What A Super Cute Dove. I Think Sunkist Fits this Little One Really Nice. this One is Just A Over Load Of cutenessssssss.


----------



## Dezirrae (Oct 6, 2007)

Awwwww.... such a little cuddle cutie - just wanna snuggle up. Sunkist seems to fit perfectly - great suggestion! Look forward to more updates and pictures as s/he grows older


----------



## Whitefeather (Sep 2, 2002)

LaugherLady said:


> *This is my new orange pied silky dove that I purchased at the Sturbridge show on December 8th.*


What a little doll baby you have there. The pictures are wonderful. The third is priceless.  

Love the name *Sunkist*. You've got my vote.  

Please do keep us posted, to include lots of pictures.  




horsesgot6 said:


> *this One is Just A Over Load Of cutenessssssss*.

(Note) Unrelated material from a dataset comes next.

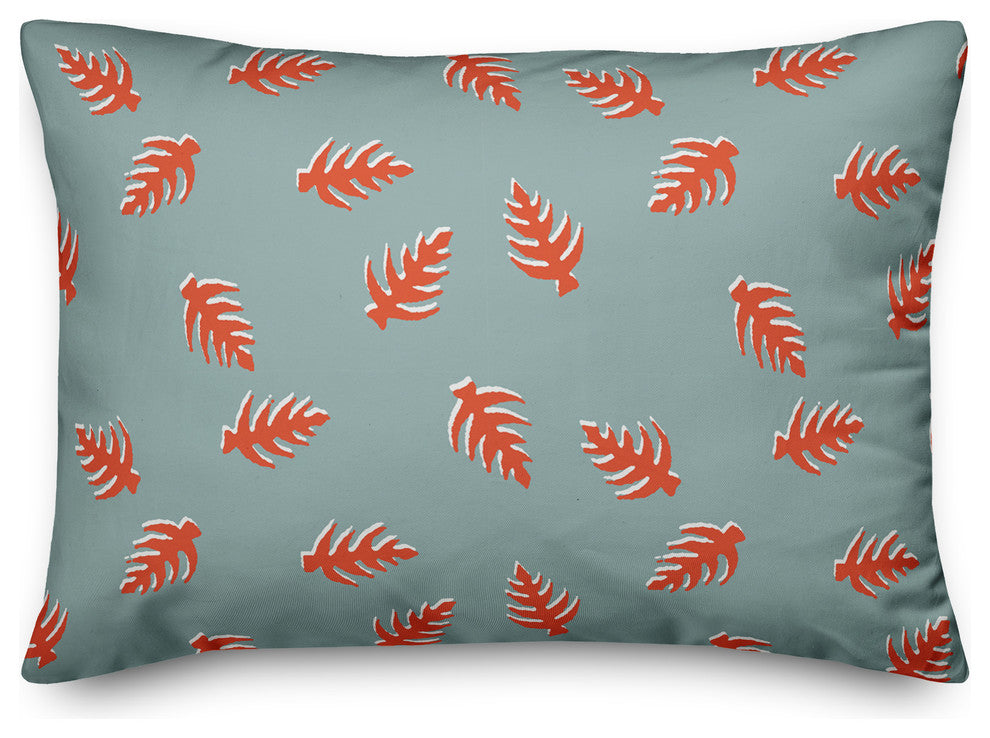 Palm Pattern in Red and Blue Throw Pillow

That's exactly what I was getting ready to say.  

Cindy


----------



## mr squeaks (Apr 14, 2005)

Oh, I'm SURE he/she will "warm" up to you! (pun intended!)

*Sunkist* IS a great name...maybe "Sunny" for short???

Never seen or even heard of a silky dove before...BEAUTIFUL!!

Wishing you both ALL THE BEST and we will sure be looking forward to UPDATES!

Hugs and Scritches

Shi & Squeaks


----------



## LaugherLady (Dec 13, 2007)

It seems that Sunkist is a winner! It is definitely a male dove - he's got the attitude  . My favorite color is the violet neck silky but I haven't been able to locate one for sale. When I saw this little guy all alone in the sale section I decided I had to bring him home. I am handling him as much as possible and keep his cage in my office so he can see and hear me. He will lose some of the silkie "frizzle" in his wings after his first molt but will maintain the trait throughout his life. 


I'll be certain to post pics as time goes by...


----------



## Reti (Jul 20, 2003)

I'll be certain to post pics as time goes by...[/QUOTE]

Please do. We enjoy pics.
Sunkist couldn't have found a better home.

Reti


----------



## Vasp (Jul 25, 2006)

One of the baby doves I'm raising has a silky mother... Maybe he'll inherit the gene? Your dove is absolutely gorgeous. Sunkist is an adorable name.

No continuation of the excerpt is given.